I've been a bit lazy writing up on this book, as I actually finished reading it at the end of April. In any case, Fear and Loathing in Las Vegas is great tale, one that purports itself to be true, but you find yourself hoping that it really isn't. I found it to be laugh out loud funny in places, not sure whether that is an indicator of my character or not.

I found it to be a great read, and one that I was looking forward to reading on the subway journeys to and from work. I also found myself reading it outside of these travels, another sign that this is a book that I really enjoyed. This is an adventure that I would love to have one day, possibly without quite all the drugs, but the experience seems to be exhilarating; I'm thinking particularly of the hotel maid tricked into thinking she could be a police informer, the reporter check-in at the poolside bar and the girl with the paintings.

It's quite hard to sum up, and I think almost fruitless to do so, given that most people have heard of this book and will be able to judge accordingly if they would want to read it or not. So I will content myself with saying that I would like to re-read it again one day, and reproduce two of my favourite passages below.

My attorney shook his fist at them. "We'll be back," he yelled. "One of these days I'll toss a fucking bomb into this place! I have your name on this sales slip! I'll find out where you live and burn your house down!"
"That'll give him something to think about," he muttered as we drove off. "That guy is a paranoid psychotic, anyway. They're easy to spot."

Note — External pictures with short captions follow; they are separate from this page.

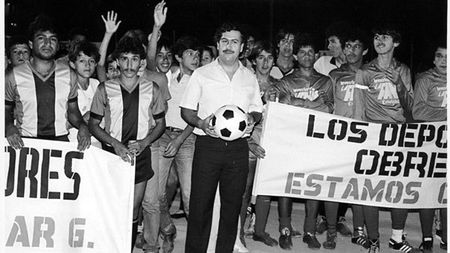 Cei doi Escobar!** Cel mai iubit fotbalist al Columbiei și cel mai temut traficant de droguri au fost omorâți de aceiași oameni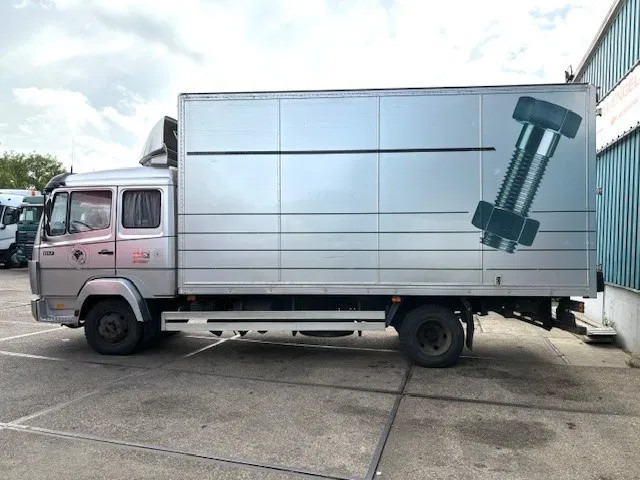 Mercedes-Benz LK 817 (6-CILINDER) ORIGINAL DUTCH TRUCK WITH CLOSED BOX (MANUAL GEARBOX / FULL STEEL SUSPENSION) - شاحنة مقفلة: صورة 5 Mercedes-Benz LK 817 (6-CILINDER) ORIGINAL DUTCH TRUCK WITH CLOSED BOX (MANUAL GEARBOX / FULL STEEL SUSPENSION) - شاحنة مقفلة: صورة 5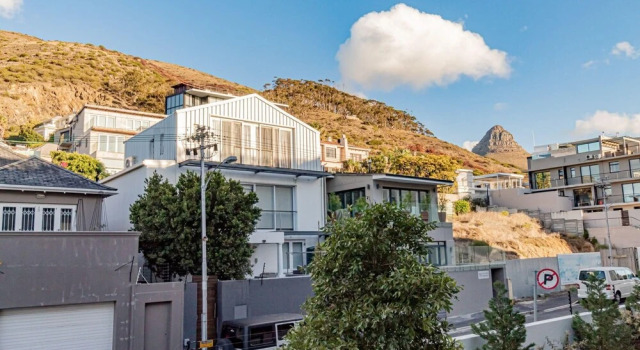 Modern Sea Point Apartment With Wonderful Sea Views Alpha Sunsets, Забронировать Апартаменты/квартира Отели Cape Peninsula с бассейном, Бассейн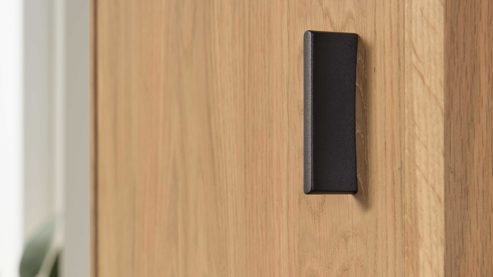Highboard Interliving aus Holz in Holzfarben Interliving Wohnzimmer Serie 2024 - Highboard Eiche & Schwarzglas - drei Türen, zwei Schubladen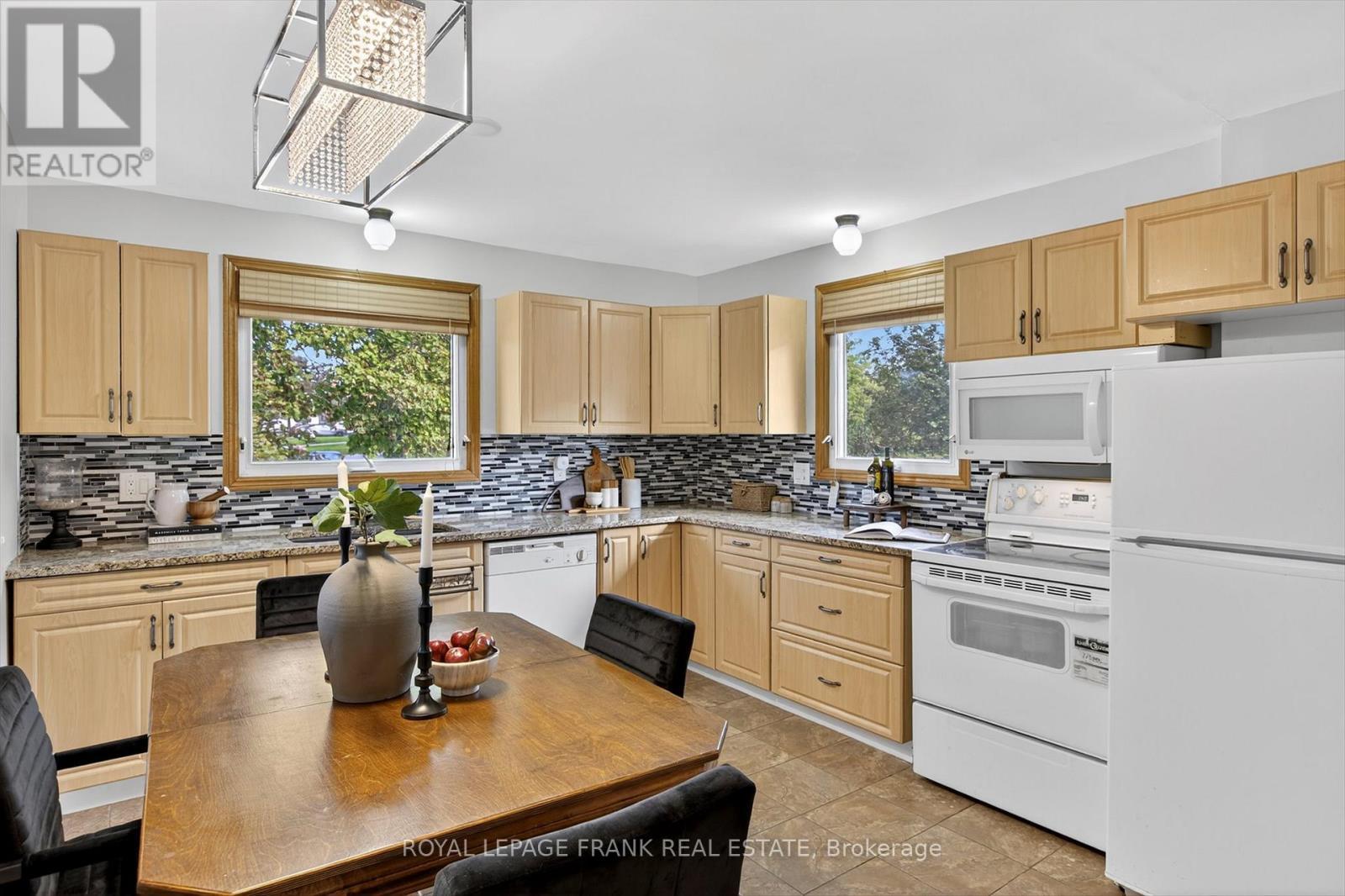 












393 SOUTHPARK DRIVE

,
Peterborough (Ashburnham Ward 4),




Ontario
K9J1C1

About ten minutes later, when she brought the hamburgers, I saw my attorney hand her a napkin with something printed on it. He did it very casually, with no expression at all on his face. But I knew, from the vibes, that our peace was about to be shattered.
"What was that?" I asked him.
He shrugged, smiling vaguely at the waitress who was standing about ten feet away, at the end of the counter, keeping her back to us while she pondered the napkin. Finally she turned and stared... then she stepped resolutely forward and tossed the napkin at my attorney.
"What is this?" she snapped.
"A napkin," said my attorney.
There was a moment of nasty silence, then she began screaming: "Don't give me that bullshit! I know what it means! You goddamn fat pimp bastard!"
My attorney picked up the napkin, looked at what he'd written, then dropped it back on the counter. "That's the name of a horse I used to own," he said calmly. "What's wrong with you?"
"You sonofabitch!" she screamed. "I take a lot of shit in this place, but I sure as hell don't have to take it off a spic pimp!"
Jesus! I thought. What's happening? I was watching the woman's hands, hoping she wouldn't pick up anything sharp or heavy. I picked up the napkin and read what the bastard had printed on it, in careful red letters: "Back Door Beauty?" The question mark was emphasized.